Risk Management Strategies for Financial Institutions in Mexico Take Center Stage
A new report released by Banco de México and the United Nations has highlighted the urgent need for Mexican financial institutions to incorporate environmental issues into their risk assessment and corporate governance strategies.
Climate and Environmental Risks and Opportunities in Mexico’s Financial System: From Diagnosis to Action
The report, titled “Climate and Environmental Risks and Opportunities in Mexico’s Financial System: From Diagnosis to Action,” is a comprehensive diagnosis of the current state of readiness among Mexican financial institutions in assessing climate, environmental, and social risks.
Key Findings
According to the study, which surveyed senior management at over 60 institutions:
- Nearly 90% of the credit portfolio of the banking system is not adequately prepared to address environmental and social risks.
- 80% of assets reported by fund managers are not adequately prepared to address these risks.
- 90% of assets managed by retirement funds administrators are not adequately prepared to address these risks.
- 44% of assets reported by insurance companies are not adequately prepared to address environmental and social risks.
Recommendations
The study recommends that financial institutions:
- Develop scenario analysis capabilities and strategies to better understand and manage relevant social and environmental data.
- Set up the proper competencies to process this data and put in place disclosure and transparency policies.
- Reinforce governance competencies and set out a roadmap at the board level to integrate Environmental, Social, and Governance (ESG) risks and opportunities into mainstream risk management and business strategies.

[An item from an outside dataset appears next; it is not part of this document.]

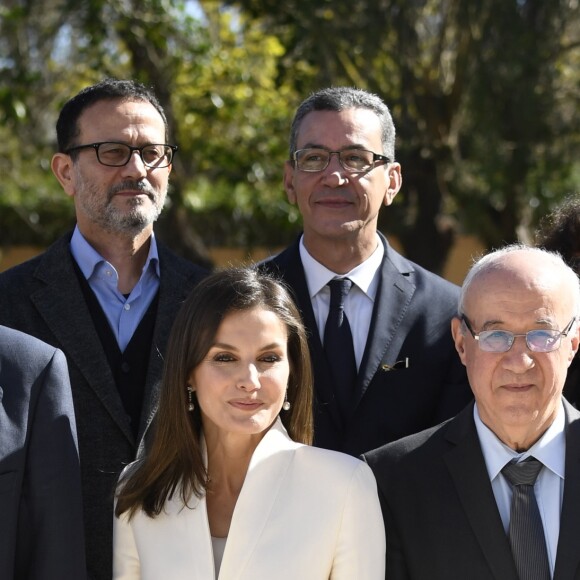 Le roi Felipe VI d'Espagne et la reine Letizia rencontrent les employés de l'ambassade d'Espagne à Rabat, au Maroc, le 14 février 2019.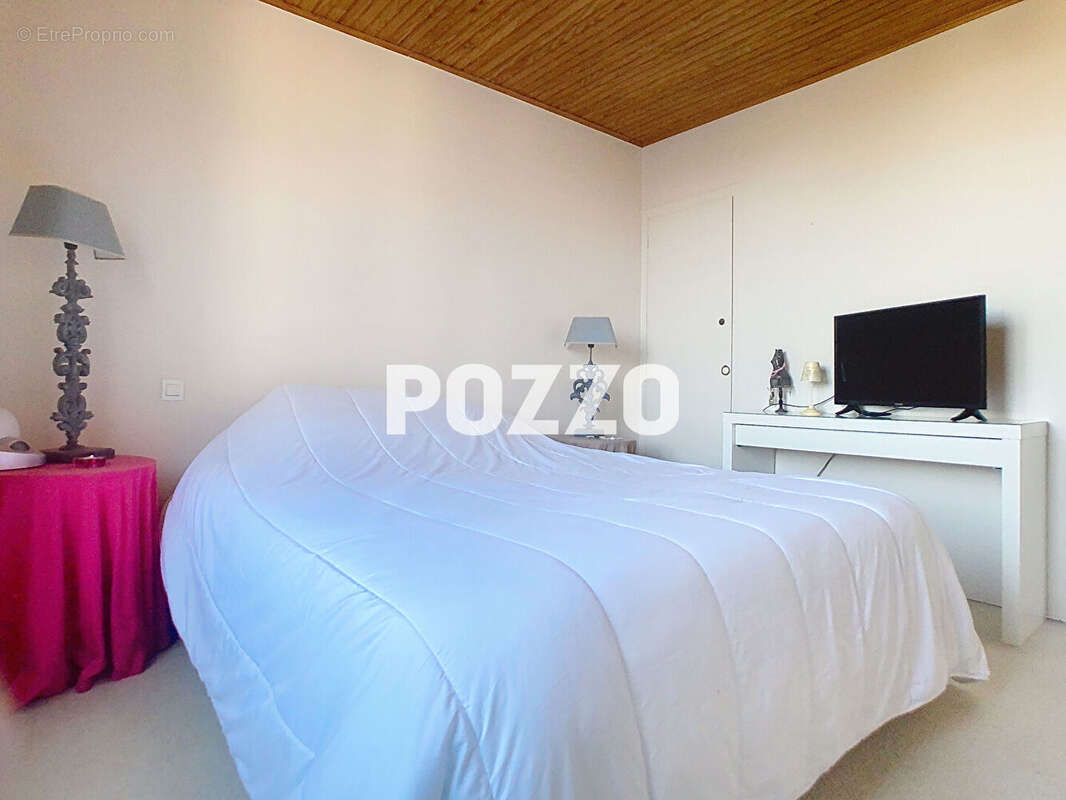 Maison - type 5 -  Geffosses - 3 chambres - dépendances - proche mer et plage - 144 m² - terrain de 2875 m² - photo 11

Response from International Organizations
The report’s findings were welcomed by:
- Inger Andersen, Executive Director of UNEP: “It is clear that we need to manage risk far better than we currently do, and this becomes more vital in the context of climate change which remains the existential challenge facing humanity.”
- UNDP Administrator Achim Steiner: “The financial sector’s role in tackling environmental degradation is critical. The report’s recommendations for clear timelines and commitments at the board level to incorporate social and environmental aspects into major plans of action are essential.”
Commitment from Banco de México
Governor of Banco de México Alejandro Díaz de León expressed his confidence that the report will serve as a basis for the development and implementation of standardized methodologies and criteria in the evaluation of environmental and social risks, essential for long-term prosperity. The initiative is seen as a collective effort by all actors in the financial system to address the critical challenges of climate change and environmental degradation.
Conclusion
The report emphasizes the urgent need for Mexican financial institutions to incorporate environmental issues into their risk assessment and corporate governance strategies. With nearly 90% of the credit portfolio not adequately prepared to address environmental and social risks, it is crucial that financial institutions develop scenario analysis capabilities and strategies to better understand and manage these risks. The report’s recommendations provide a roadmap for financial institutions to integrate ESG risks and opportunities into mainstream risk management and business strategies.